**WORK REQUIRED**
Any picture in the material should be left out, while all other lines are copied exactly.

SOURCE MATERIAL section start

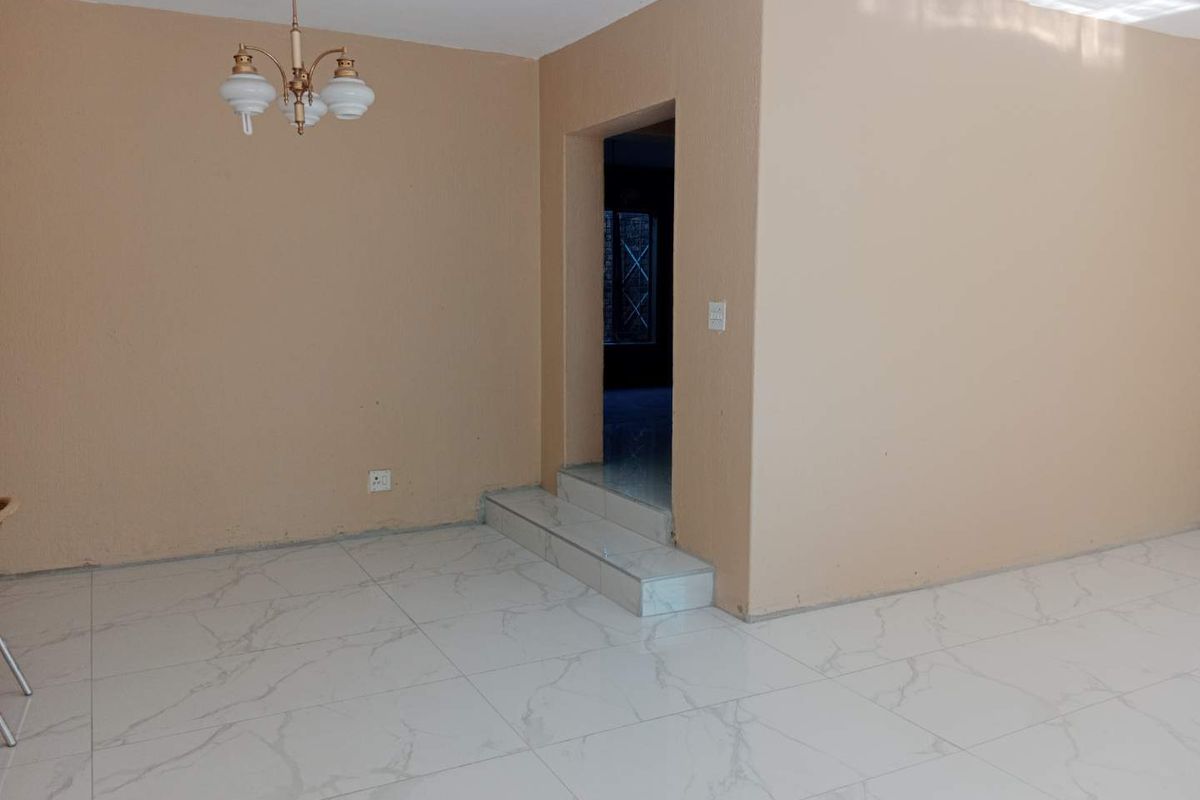 An empty living area featuring modern marble-look floor tiles, a raised step transition, and a classic chandelier, ready for personalization.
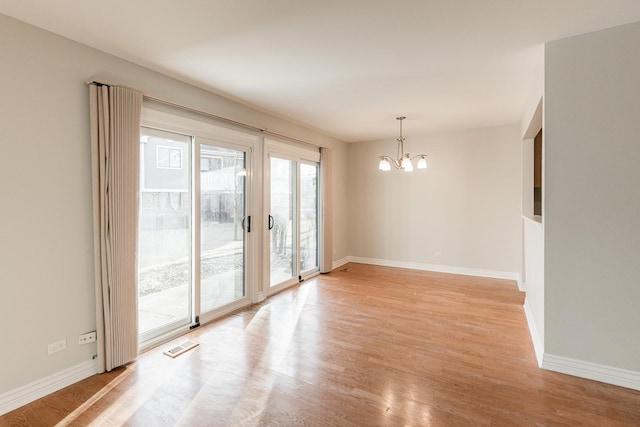 unfurnished room featuring a chandelier, visible vents, light wood-style flooring, and baseboards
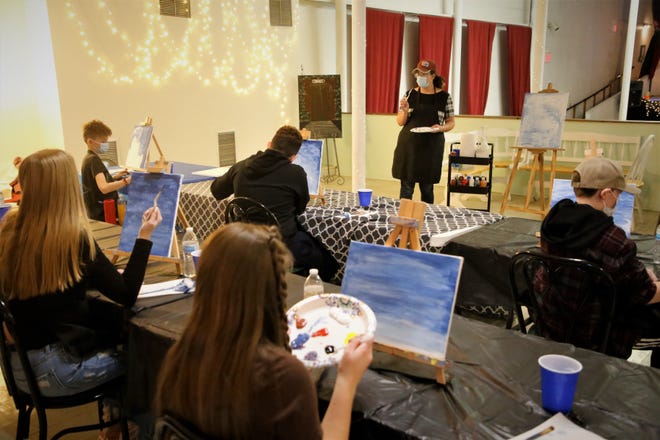 CEO Christy Clugston leads a painting class on Dec. 29, 2020, at the Aztec Theater, the new home of the nonprofit arts organization Inspire heART.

SOURCE MATERIAL section end

**EXERCISE RESULT**
 An empty living area featuring modern marble-look floor tiles, a raised step transition, and a classic chandelier, ready for personalization.
 unfurnished room featuring a chandelier, visible vents, light wood-style flooring, and baseboards
 CEO Christy Clugston leads a painting class on Dec. 29, 2020, at the Aztec Theater, the new home of the nonprofit arts organization Inspire heART.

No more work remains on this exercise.